Reputation: 151
I've got a pdf file turned into a huge string of over 1,000,000 characters. There are dates in the string in the format dd/mm/yyyy
. I want to split the string by dates into smaller ones. I tried following:
var sectioned = hugeString.split(/^(0?[1-9]|[12][0-9]|3[01])[\/](0?[1-9]|1[012])[\/\-]\d{4}$/g);
But it's not working. I also tried hugeString.match()
, but no good result there.
Is it even possible to accomplish this by string functions or should I think of a different approach?
String snippet:
....Section: 2 Interpretation E.R. 2 of 2012 02/08/2012 .....
Upvotes: 1
Views: 207
Reputation: 626845
You may remove anchors, g
modifier (it is redundant) and use non-capturing groups to avoid dates being output as well in the results. Wrap in (?=PATTERN HERE)
if you need to split keeping the dates in the split chunks. However, if you prefer this approach, please make sure there are no optional 0
s in the pattern at the beginning, or you might get redundant elements in the result.

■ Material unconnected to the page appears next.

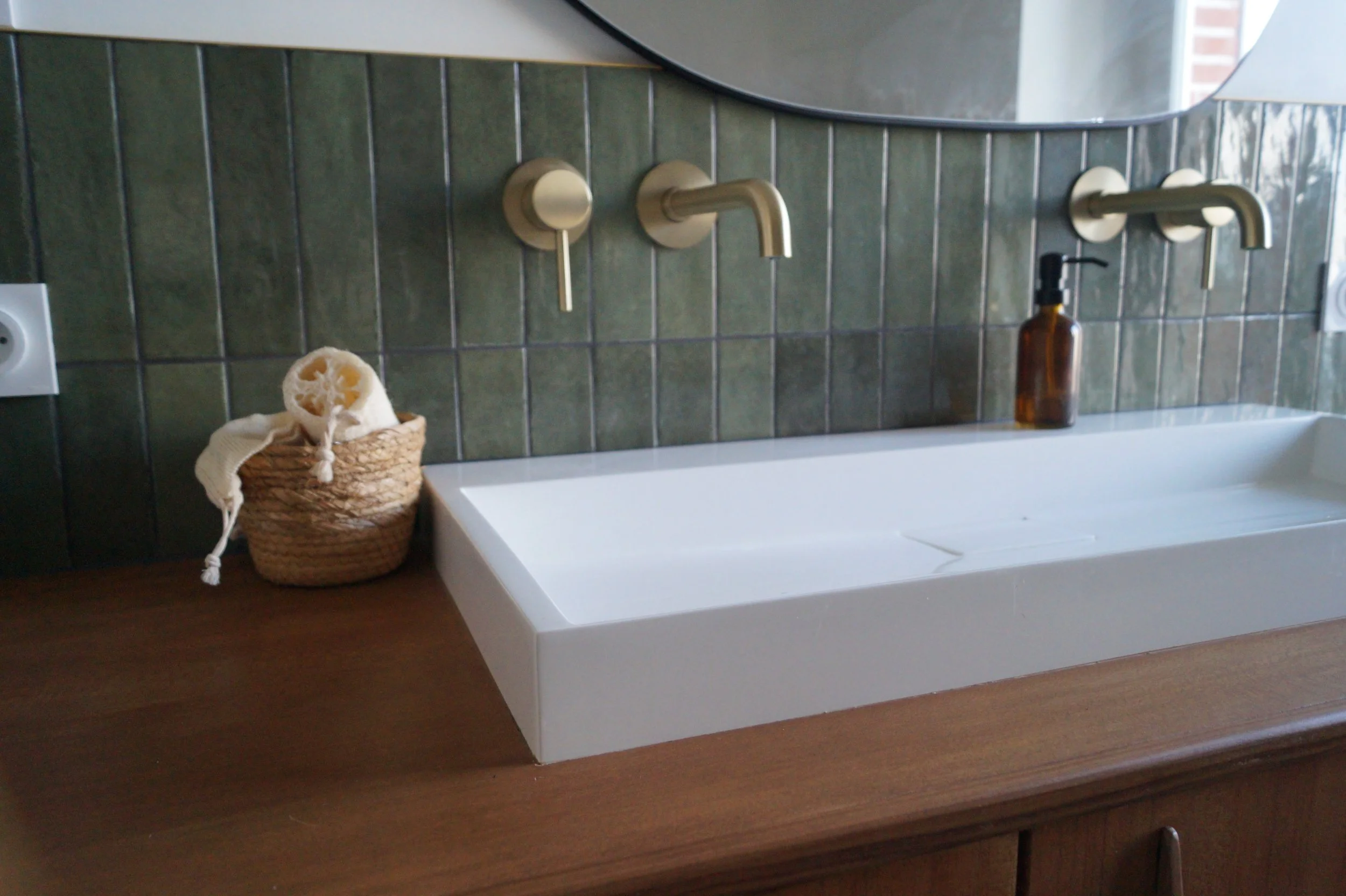 Découvrez nos dernières réalisations : Une pièce où l'authenticité devient le point central de votre rituel matinal.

var s = "....Section: 2 Interpretation E.R. 2 of 2012 02/08/2012 ..... ";
var res = s.split(/(?:0?[1-9]|[12][0-9]|3[01])[\/-](?:0?[1-9]|1[012])[\/-]\d{4}/);
console.log(res);
res = s.split(/(?=(?:0[1-9]|[12][0-9]|3[01])[\/-](?:0[1-9]|1[012])[\/-]\d{4})/);
console.log(res);
Note you also had a [\/]
subpattern without -
in the pattern while the other separator character class contained both chars. I suggest using [\/-]
in both cases.
Upvotes: 1